16 Commits

Author SHA1 Message Date
Yakov Pechersky
c6cabf4153 Speed-up tautomer canonicalization, no API changes (#9134)
* Speed up tautomer canonicalization by deferring on SSSR calc

* Lazy kekulization for tautomer enumeration

Defer kekulization of tautomers until they are actually needed for
transform matching. This avoids creating kekulized copies for:
1. The initial tautomer (until first iteration)
2. New tautomers that may never be processed (if enumeration ends early)

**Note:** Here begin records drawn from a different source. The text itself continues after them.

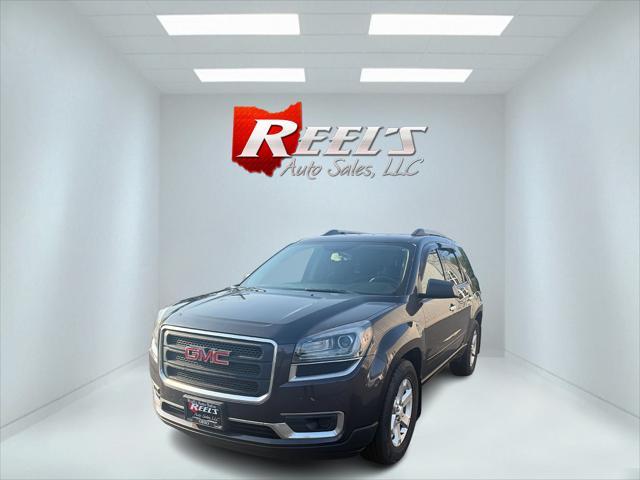 used 2016 GMC Acadia car, priced at $8,995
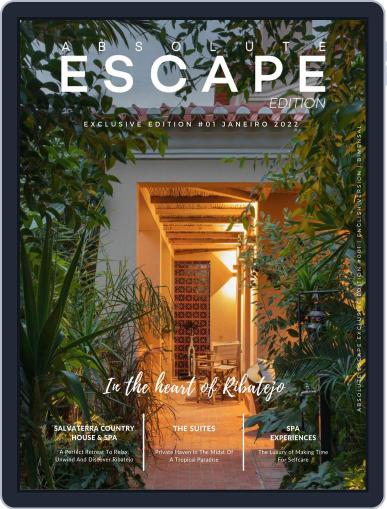 ABSOLUTE ESCAPE EDITION Digital Back Issue Cover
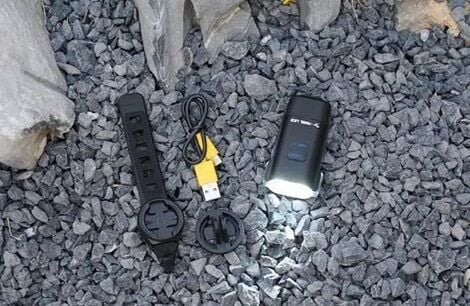 Moon RIGEL 700 Lümen USB Bisiklet Ön Lambası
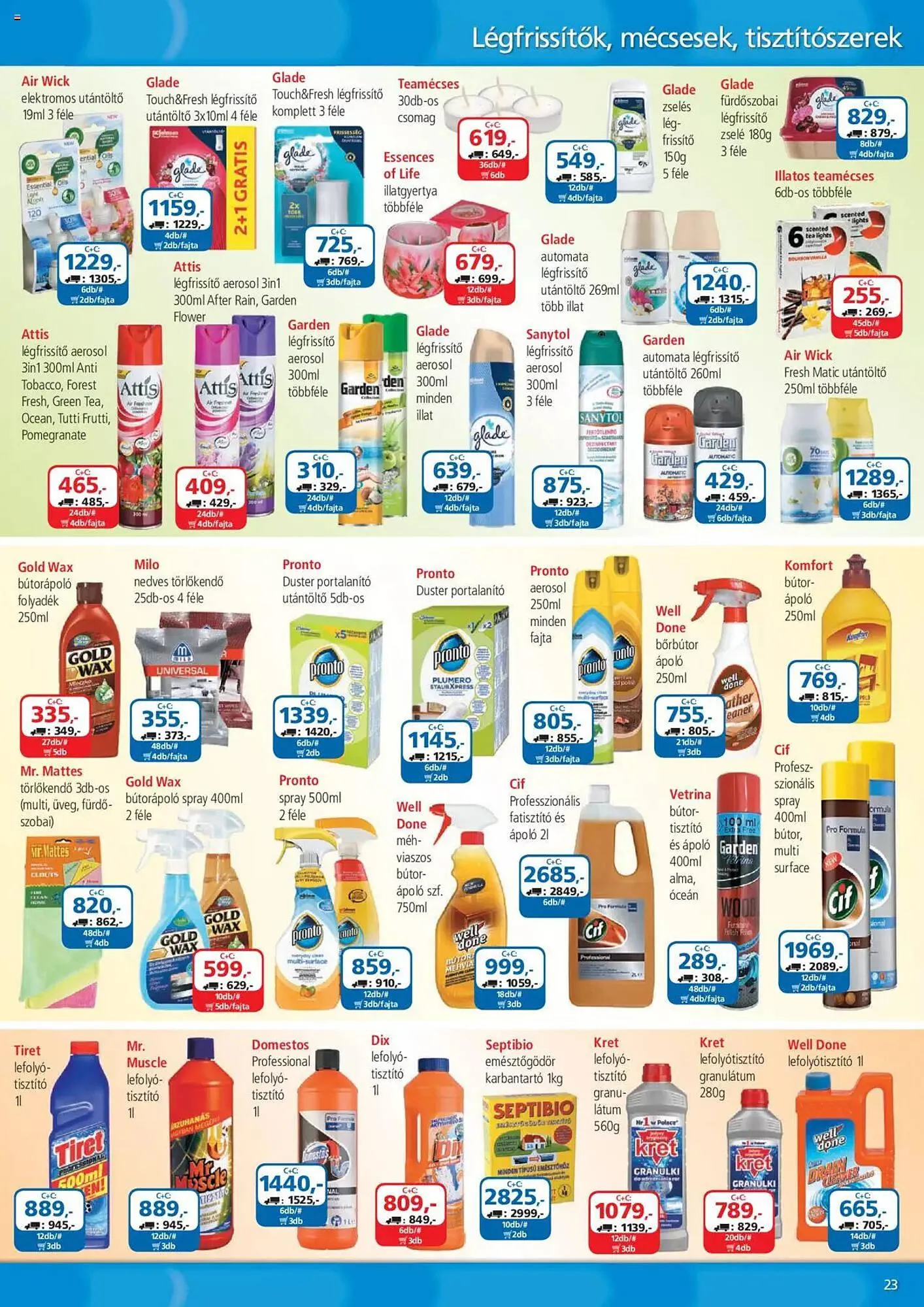 Katalógus ÁRKLUB akciós újság szeptember 1.-tól szeptember 30.-ig 2023. - Oldal 23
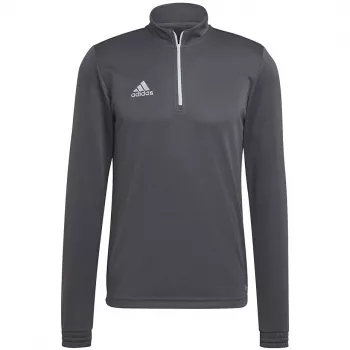 adidas Entrada 22 tréningové top Medium Grey Heather/čierna pánske L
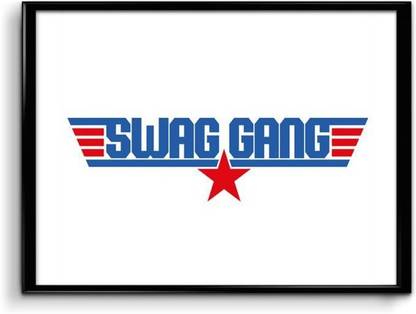 SWAG GANG Paper Print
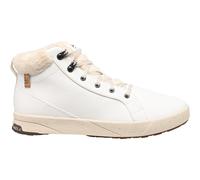 Saola - Hochgeschnittene und warme Schuhe - Bergen Warm W White für Damen aus Wolle - Größe 38 - Weiß Weiß 38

The Tautomer class now supports lazy initialization of the kekulized
form via getKekulized() method.

Performance improvement: ~7% additional speedup (total ~22-24% from baseline)

* Use count-only substructure matching in tautomer scoring

* Add SubstructMatchCount regression test

* MolStandardize: reduce enumerate overhead

* MolStandardize: avoid per-tautomer ring recomputation

* Atom: cache PeriodicTable pointer in valence calcs

* Atom: reuse PeriodicTable in getEffectiveAtomicNum

* PeriodicTable: add atomic fast path for getTable

* GraphMol: reduce ROMol copy reallocations

* MolStandardize: use quickCopy for per-match product copies

Use RWMol(*kmol, true) in tautomer enumeration to avoid copying properties/bookmarks/conformers for each candidate. This reduces deep-copy overhead without changing chemistry.

* MolStandardize: pre-filter scoring patterns by element/connectivity

For tautomer scoring, pre-compute which SubstructTerms are relevant for
a given input molecule. Since tautomerization only moves H atoms and
changes bond orders (never creates/destroys heavy-atom bonds), patterns
requiring missing elements or connectivity can be skipped for all
tautomers of that molecule.

Two-stage filtering:
1. Element check: skip patterns requiring atoms not in the molecule
2. Connectivity check: skip patterns whose bond-order-agnostic structure
   doesn't match the input molecule's connectivity

This reduces the number of VF2 substructure calls per tautomer from 12
to typically 3-5, depending on the molecule's composition.

* MolStandardize: preserve molecule properties for canonical tautomer

Copy molecule properties from the original input to the canonical tautomer
result. Since quickCopy during enumeration skips d_props to avoid overhead,
extended SMILES data like link nodes (LN) was lost. This restores them
on the final result.

* TautomerQuery: preserve molecule properties (e.g. link nodes) in tautomers

TautomerQuery::fromMol() uses TautomerEnumerator::enumerate() which uses
quickCopy for performance. This doesn't copy molecule properties like
_molLinkNodes. Without this fix, XQMol output would lose link node
extensions in the SMILES.

Copy properties from the original query molecule to all enumerated
tautomers before constructing the TautomerQuery. This preserves extended
SMILES data without impacting enumeration performance.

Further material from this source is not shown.